I applied the "recursive leap of faith" (references near bottom) and wrote the solution

class Solution {
public:
    void hanota(vector<int>& A, vector<int>& B, vector<int>& C) {
        if (A.size() == 0) {
            return;
        }
        int base = A.front();
        A.erase(A.begin());
        hanota(A, C, B);
        C.push_back(base);
        hanota(B, A, C);
    }
};

the result is:

AddressSanitizer: DEADLYSIGNAL
=================================================================
==20==
ERROR: AddressSanitizer: 
stack-overflow on address 0x7ffc5b035f48 
(pc 0x00000031f5ee bp 0x7ffc5b036790 sp 0x7ffc5b035f50 T0) 
==20==
ABORTING

I draw a call graph

why the famous "recursive leap of faith" broken here? Is it related to improper stop condition?

For reference:

• Brian Harvey: Computer Science Logo Style
  Vol. 1 Symbolic Computing,
  Ch. 8: Practical Recursion: the Leap of Faith
• K. Schwarz, Z. Galant: Stanford CS106B
  slides on Thinking Recursively

Answer 1

The problem is that with C.push_back(base); you put a disc on stack C that through recursion may be called stack A, and that is a problem, because that disc should not be moved at this stage, yet that deeper call (that identifies that stack as A) will want to clear stack A completely, also moving that (large) disc again! As a side note, this will also lead to invalid moves: where the large disc is moved on top of a smaller disc.
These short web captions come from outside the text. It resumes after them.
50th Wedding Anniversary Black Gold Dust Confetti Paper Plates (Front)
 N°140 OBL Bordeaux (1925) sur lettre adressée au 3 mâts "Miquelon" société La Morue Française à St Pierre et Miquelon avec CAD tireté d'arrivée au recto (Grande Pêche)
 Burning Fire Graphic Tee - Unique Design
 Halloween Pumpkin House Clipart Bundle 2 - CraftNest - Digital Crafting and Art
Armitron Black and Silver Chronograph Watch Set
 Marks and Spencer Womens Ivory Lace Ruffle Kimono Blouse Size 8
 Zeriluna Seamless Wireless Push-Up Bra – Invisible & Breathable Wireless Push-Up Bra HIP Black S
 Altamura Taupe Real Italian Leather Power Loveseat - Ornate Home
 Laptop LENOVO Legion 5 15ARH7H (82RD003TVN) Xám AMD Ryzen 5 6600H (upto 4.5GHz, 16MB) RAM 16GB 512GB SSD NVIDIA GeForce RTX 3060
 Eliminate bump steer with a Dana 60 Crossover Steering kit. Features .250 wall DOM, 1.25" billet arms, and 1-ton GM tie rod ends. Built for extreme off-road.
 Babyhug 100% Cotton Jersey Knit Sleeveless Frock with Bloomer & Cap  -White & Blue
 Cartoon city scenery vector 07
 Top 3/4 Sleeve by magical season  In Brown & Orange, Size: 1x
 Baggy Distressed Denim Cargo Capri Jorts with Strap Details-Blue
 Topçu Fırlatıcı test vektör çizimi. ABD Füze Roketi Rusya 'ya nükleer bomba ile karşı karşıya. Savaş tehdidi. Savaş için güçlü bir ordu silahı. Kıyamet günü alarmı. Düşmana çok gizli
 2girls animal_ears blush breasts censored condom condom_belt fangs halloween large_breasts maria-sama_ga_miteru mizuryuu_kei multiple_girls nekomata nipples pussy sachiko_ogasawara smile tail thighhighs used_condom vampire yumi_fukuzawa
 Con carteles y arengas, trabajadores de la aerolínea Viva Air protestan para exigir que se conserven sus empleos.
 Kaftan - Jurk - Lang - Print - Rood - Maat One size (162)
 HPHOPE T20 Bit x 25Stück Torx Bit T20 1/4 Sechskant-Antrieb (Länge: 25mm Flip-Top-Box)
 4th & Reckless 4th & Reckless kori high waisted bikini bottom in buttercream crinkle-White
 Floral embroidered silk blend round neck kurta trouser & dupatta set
This disc that is put on stack C is polluting the idea of "recursive leap of faith", as now your recursive process should somehow know which discs should not be moved.

Details

Let's just follow the process with input A={2,1,0}, B={}, C={}, until we get at a wrong manipulation:

The top-level call will remove 2 from A and make a recursive call to move {1,0} from stack A to B. When we get back from that recursive call, all is fine, and we have this state:

base: 2
A: {}, B: {1,0}, C: {}

Then 2 is appended to C:

A: {}, B: {1,0}, C: {2}

Note that this disc 2 is at its final spot and it should never have to move again.

We now make a second recursive call aiming to move {1,0} on top of C. Let's look at this second level in the recursion tree:

Second level:

At this point the local variables A, B and C are associated with the stacks as follows (which is still fine):

A: {1,0}, B: {}, C: {2}

The value 1 is removed from stack A, and we get:

base: 1
A: {0}, B: {}, C: {2}

A first recursive call is made with the aim to move that zero to stack B. We will look at that third-level call in detail:

Third level:

Again new local variables get to reference the stacks as follows:

A: {0}, B: {2}, C: {}

The 0 is removed from A, a recursive call is made that has nothing to do (fine), and 0 is appended to C, so we arrive in this state:

A: {}, B: {2}, C: {0}

Now we get at the second recursive call made at this third level, which brings us at a fourth-level call.

Fourth level:

Here the stacks are labeled as follows:

A: {2}, B: {}, C: {0}

...but that is problematic, since this would mean we want to move the 2 from stack A on top of C. This is not desired, nor is it valid.

Remember we said that disc 2 should never have to move again, yet that is what is going to happen here. Stack A should not be emptied. This disc 2 is polluting the algorithm.

We could go on and analyse the next steps that are taken, and we would not only see invalid stacks, but also see repetitions of the same states. I don't think it is worth to continue this analysis however, because we already know it went wrong at this point.

Solutions

There are several solutions to this.

You could for instance mark the discs that should not be moved in deeper recursion, but that is not a very elegant solution.

Since you are OK with doing an action like A.erase(A.begin()); which represents a non-Hanoi move (for the purpose of recursion), I suppose you could not object to doing the inverse C.insert(C.begin(), base) for the same purpose.

So change:

        C.push_back(base);
        hanota(B, A, C);

to:

        hanota(B, A, C);
        C.insert(C.begin(), base);

This is of course not representing the actual move when it happens, but that is also true for A.erase(A.begin());.

Alternative

Usually you would have to do this with performing only valid operations on the stacks, i.e. moving the disc at the top of a stack, and not artificially removing a disc at the bottom.

To make that work, it will be good to add a parameter that indicates how many discs need to be moved from A to C, so avoiding moving discs that are supposed to stay where they are (at that stage).

So:

void hanota(vector<int>& A, vector<int>& B, vector<int>& C, int n) {
    if (n == 0) {
        return;
    }
    hanota(A, C, B, n - 1);
    // Make the move (a valid Hanoi move)
    C.push_back(A.back()); 
    A.pop_back();
    hanota(B, A, C, n - 1);
}

The initial call needs to provide the total number of discs for n:

    vector<int> A = {4,3,2,1,0};
    vector<int> B;
    vector<int> C;
    hanota(A, B, C, A.size());